Kabels verdienen een aparte vermelding. De meeste discussies op internet gaan over het inspelen van kabels. Hiervoor geldt: er gebeurt soms wel degelijk wát, maar nooit véél, en vaak hebben we geen idee hóé. Veel fundamenteel onderzoek wordt er niet naar gedaan. Misschien is dat de reden dat nog niet is bewezen dat metaal verandert doordat er elektronen doorheen bewegen. Mogelijk gebeurt er wat in de wisselwerking tussen geleider en diëlektricum (de isolatie), maar verwacht ook hier geen wonderen.




Waarom hóren we het dan?
De meest gebruikte ‘bewijsvoering’ in online discussies is “ik hóór het, dus het bestaat”. Maar klopt dat wel? Ja en nee. We moeten accepteren dat de huidige wetenschap lang niet alle hoorbare fenomenen kan meten. Het is dus goed mogelijk dat er inderdaad processen plaatsvinden die we nog niet kunnen aantonen. Maar een veelgebruikt ‘tegenargu- ment’ is dat er sprake is van ‘bevestigingsvoorkeur’.
We verwáchten iets te horen dus hóren we het ook. Zou dát het dan zijn?
Ook hiervoor geldt: ja en nee. Suggestie kan een sterke invloed hebben, maar we moeten ook rekening houden met een ánder fenomeen: gewenning. Als iets dat we horen afwijkt van wat we gewend waren duurt het ongeveer twee weken voor de nieuwe klank is ‘ingesleten’ in ons brein.

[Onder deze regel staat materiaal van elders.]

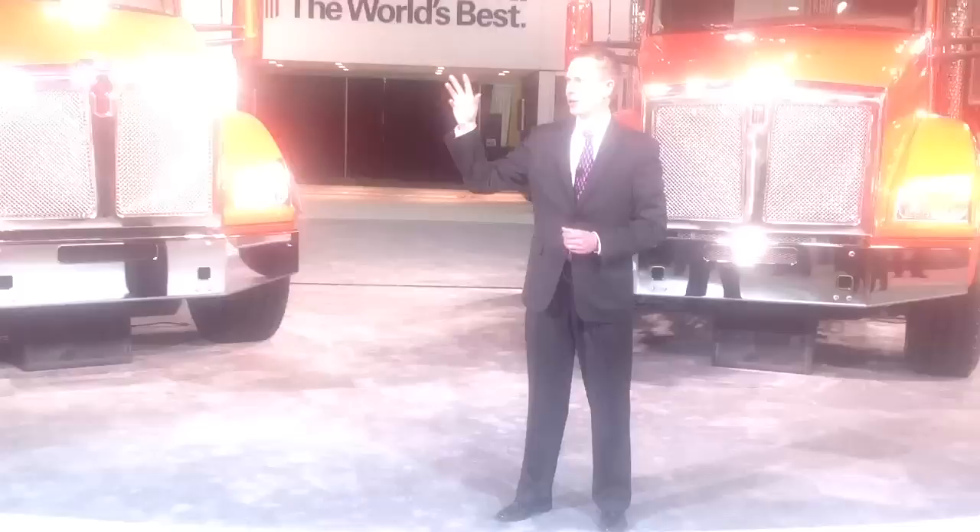Behind you is our Advantage truck. We've got the truck here with the short trailer, and also a tractor-trailer that shows the optimized configuration out with our tour trailer. We've got elements that are powertrain-related, and aerodynamic improvements — both from the tractor as well as the trailer.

Dat is eigenlijk óók een soort inspelen, maar dan ‘tussen de oren’. Een geleidelijke verschuiving van wat je wíl horen naar wat je daadwérkelijk hoort.
Met andere woorden
Inspelen is soms nodig en het is een interessant proces om mee te maken. Maar behalve dat je er geen wonderen van moet verwachten is er ook geen enkele reden om je er zorgen over te maken. Het gebeurt vanzelf. Of dat nu in het apparaat, de luidspreker, het element, de kabel of je hoofd is. Het allermóóiste, althans dat vinden wij, is dat je tijdens het inspelen lekker naar muziek kunt luisteren.